In der Mitte gewahrt den im Grundriss rechteckigen Torturm mit vierseitigem Zeltdach, Perspektive von Südwesten. Der schlanke Torturm steht in der erhaltenen inneren Ringmauer und gibt den Durchgang in die Kernburg frei. Er wurde um 1200 begonnen und um 1500 abschließend aufgestockt.

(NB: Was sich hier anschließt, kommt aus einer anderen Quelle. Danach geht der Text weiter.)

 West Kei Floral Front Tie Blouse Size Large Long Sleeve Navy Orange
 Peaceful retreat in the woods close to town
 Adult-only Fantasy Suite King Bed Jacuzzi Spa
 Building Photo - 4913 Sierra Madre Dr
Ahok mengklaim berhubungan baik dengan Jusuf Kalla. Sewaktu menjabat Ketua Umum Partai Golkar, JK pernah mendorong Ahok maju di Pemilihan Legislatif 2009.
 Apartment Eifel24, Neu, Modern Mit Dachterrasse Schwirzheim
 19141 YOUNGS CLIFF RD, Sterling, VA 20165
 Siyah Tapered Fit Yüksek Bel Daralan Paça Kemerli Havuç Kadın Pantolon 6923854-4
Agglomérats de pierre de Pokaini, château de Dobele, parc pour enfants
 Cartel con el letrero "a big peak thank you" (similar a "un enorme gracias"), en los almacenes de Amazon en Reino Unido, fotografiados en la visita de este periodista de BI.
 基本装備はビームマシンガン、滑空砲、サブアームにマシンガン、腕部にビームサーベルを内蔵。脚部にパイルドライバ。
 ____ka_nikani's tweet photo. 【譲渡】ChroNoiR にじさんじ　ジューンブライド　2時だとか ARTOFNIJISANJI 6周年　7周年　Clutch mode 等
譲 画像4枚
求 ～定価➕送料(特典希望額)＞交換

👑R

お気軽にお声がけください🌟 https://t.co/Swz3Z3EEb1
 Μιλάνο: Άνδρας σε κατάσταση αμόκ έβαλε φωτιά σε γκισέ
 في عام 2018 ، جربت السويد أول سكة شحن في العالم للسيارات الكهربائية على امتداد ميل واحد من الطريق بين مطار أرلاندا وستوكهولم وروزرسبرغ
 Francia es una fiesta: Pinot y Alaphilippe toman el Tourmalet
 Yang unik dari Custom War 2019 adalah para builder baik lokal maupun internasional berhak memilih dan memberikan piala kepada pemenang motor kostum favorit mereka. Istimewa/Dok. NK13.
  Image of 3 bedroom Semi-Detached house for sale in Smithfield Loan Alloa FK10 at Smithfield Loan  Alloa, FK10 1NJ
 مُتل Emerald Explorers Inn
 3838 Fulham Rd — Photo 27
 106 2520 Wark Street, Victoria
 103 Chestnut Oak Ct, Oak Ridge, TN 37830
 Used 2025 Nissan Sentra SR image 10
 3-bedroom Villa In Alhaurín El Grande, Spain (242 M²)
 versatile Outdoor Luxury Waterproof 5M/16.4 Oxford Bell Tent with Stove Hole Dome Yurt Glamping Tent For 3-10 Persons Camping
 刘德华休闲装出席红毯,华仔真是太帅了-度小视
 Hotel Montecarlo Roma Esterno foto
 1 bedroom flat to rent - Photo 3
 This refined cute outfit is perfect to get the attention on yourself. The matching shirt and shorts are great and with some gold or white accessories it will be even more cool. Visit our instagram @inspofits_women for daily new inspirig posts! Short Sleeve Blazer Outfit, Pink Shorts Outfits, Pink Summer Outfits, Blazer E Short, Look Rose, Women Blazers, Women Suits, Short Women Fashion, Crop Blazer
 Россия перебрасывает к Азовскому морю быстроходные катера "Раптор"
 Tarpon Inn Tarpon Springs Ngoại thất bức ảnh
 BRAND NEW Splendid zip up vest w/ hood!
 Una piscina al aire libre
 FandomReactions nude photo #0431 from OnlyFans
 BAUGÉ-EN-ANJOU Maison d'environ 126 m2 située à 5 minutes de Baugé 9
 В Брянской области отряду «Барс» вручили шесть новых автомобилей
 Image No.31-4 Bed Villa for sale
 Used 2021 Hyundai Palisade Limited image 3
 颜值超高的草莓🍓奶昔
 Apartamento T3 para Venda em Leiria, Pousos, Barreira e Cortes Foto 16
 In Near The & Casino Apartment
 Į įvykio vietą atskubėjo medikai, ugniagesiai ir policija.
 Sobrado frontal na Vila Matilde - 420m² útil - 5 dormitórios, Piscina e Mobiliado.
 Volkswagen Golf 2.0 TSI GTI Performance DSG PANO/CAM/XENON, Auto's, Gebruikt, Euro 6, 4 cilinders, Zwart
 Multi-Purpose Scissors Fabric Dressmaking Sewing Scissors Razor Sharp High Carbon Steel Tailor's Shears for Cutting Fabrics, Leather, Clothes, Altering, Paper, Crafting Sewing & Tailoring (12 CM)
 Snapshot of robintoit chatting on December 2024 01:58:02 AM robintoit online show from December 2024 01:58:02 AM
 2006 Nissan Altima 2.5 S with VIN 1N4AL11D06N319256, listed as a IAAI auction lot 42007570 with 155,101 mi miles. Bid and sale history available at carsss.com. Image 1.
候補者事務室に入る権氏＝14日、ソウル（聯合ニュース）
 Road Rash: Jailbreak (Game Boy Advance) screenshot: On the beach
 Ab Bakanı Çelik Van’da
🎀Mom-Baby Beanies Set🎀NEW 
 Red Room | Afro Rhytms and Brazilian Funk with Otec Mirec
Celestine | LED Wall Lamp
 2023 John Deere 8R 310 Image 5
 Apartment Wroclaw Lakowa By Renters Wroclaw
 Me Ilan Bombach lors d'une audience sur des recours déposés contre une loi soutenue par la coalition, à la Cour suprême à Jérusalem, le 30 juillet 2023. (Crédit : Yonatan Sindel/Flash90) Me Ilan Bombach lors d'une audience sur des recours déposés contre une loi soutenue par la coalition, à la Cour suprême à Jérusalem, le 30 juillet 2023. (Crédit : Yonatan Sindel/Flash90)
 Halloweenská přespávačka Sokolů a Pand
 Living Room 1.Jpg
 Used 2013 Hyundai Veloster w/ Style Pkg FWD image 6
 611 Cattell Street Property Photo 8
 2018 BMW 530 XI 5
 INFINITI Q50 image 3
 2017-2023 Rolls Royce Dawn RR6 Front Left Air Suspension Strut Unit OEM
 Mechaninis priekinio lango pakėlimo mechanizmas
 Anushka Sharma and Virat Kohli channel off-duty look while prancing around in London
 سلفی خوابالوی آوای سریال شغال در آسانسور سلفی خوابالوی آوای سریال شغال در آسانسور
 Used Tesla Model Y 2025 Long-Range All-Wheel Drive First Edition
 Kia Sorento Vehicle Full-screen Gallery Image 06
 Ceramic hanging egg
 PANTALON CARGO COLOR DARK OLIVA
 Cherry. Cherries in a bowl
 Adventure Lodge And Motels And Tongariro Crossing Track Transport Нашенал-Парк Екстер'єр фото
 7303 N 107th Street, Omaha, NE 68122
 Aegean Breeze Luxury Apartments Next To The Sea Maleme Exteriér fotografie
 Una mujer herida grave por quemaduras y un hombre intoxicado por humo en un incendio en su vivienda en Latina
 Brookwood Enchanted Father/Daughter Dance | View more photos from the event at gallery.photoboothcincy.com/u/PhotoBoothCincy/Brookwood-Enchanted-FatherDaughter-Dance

Rechts der mächtige Wehrturm, über die erhaltene, jedoch gekürzte Ringmauer der Hauptburg blickend (auch hier die Südwest-Perspektive. Der Bergfried strebt beeindruckende 42 Meter in die Höhe und besitzt eine für einen Bergfried nicht minder beeindruckende Seitenlänge von 12 Metern. Die bis zu drei Meter starken Mauern sind waren über einen Eingang in 7 Meter Höhe betretbar. Die untere Partie des Turmes stammt vermutlich aus der Entstehungszeit (um 1200) und wurde später sukzessive aufgestockt, bis endlich im 15. Jahrhundert die vier sechseckigen Wichhäuser (Ecktürmchen) und das hohe Zeltdach beschlossen.
Der gewaltige Turm besitzt, typisch für das Mittelalter, spärliche Befensterung, was den wehrhaft-verschlossenen Charakter natürlich verstärkt. Die Öffnungen befinden sich vor allem in den beiden obersten Stockwerken, die als Wohngeschosse mit einem Kamin beheizt wurden.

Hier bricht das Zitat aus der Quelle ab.